Good to know! I'm hoping the card actually works. Not terribly excited about the Vibra chipset on it, though.
When I crack open a mid 90s PC case and see a near-full-length sound card, I start dreaming of things like a GUS or something even more exotic 😀
Bought a Promise DC-4030VL-2 dual IDE and dual FDD controller cache card (4MB present).
Seller's photos:
Discord: https://discord.gg/U5dJw7x
Systems from the Compaq Portable 1 to Ryzen 9 5950X
Twitch: https://twitch.tv/retropcuser
I wonder if these boxed Promise DC-4030VL-2 all come from the same original old stock and are now being resold on Ebay. Couple of years ago there was a seller on Yahoo auctions in Japan who had multiple of these, I bought one myself.
They can be upgraded with LBA support:
Re: LCS-6941 - BIOS upgrade
That is one of the many things I'm going to add on the card: LBA support. I'm wondering, for the quad floppy drive support, does that require the PC BIOS to support up to 4 drives? I can put the MR BIOS on my J-Mark OPTI-495SX 3/486WB board, but the one I wrote onto an EPROM UV doesn't work well (blank screen after the RAM is counted).

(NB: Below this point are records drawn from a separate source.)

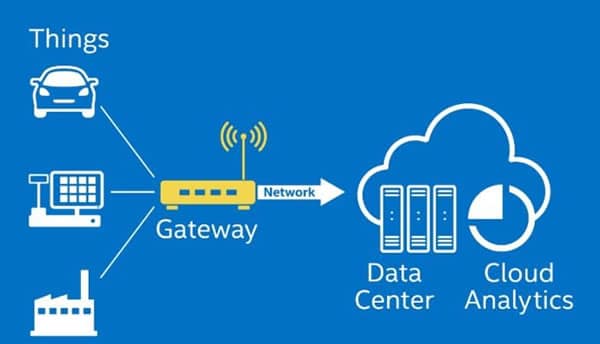 Depiction IoT gateway function - Intel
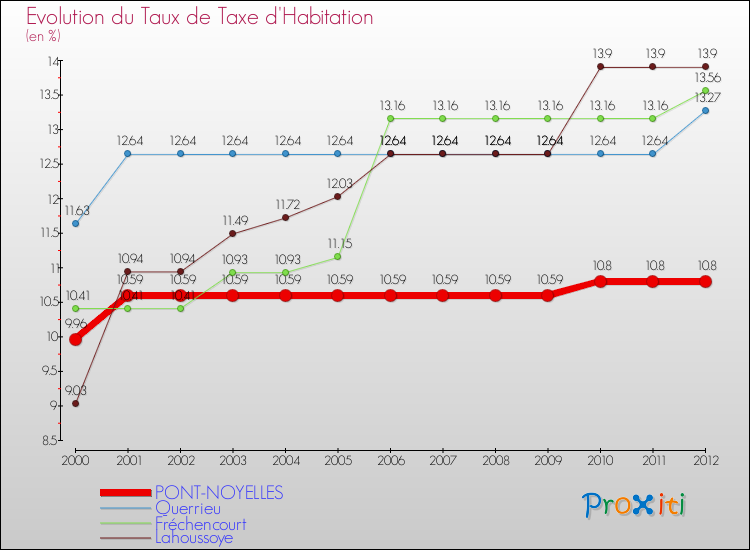 Evolution du taux de la taxe d'habitation pour PONT-NOYELLES et les communes proches Comparaison des taux de la taxe d'habitation pour PONT-NOYELLES et les communes voisines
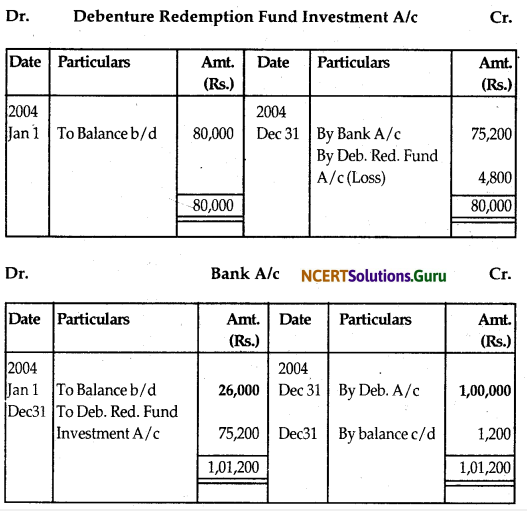 NCERT Solutions for Class 12 Accountancy Chapter 7 Issue and Redemption of Debentures 121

Discord: https://discord.gg/U5dJw7x
Systems from the Compaq Portable 1 to Ryzen 9 5950X
Twitch: https://twitch.tv/retropcuser
Picked up an Apple IIc Mouse, an Amiga Floppy Drive, and a Commodore 1581 Floppy Drive -- missing the power supply.
I'd like to modify the mouse in a non destructive way with a modern sensor, so that I can use it on my Mac Mini, which lives in an Apple IIGs case.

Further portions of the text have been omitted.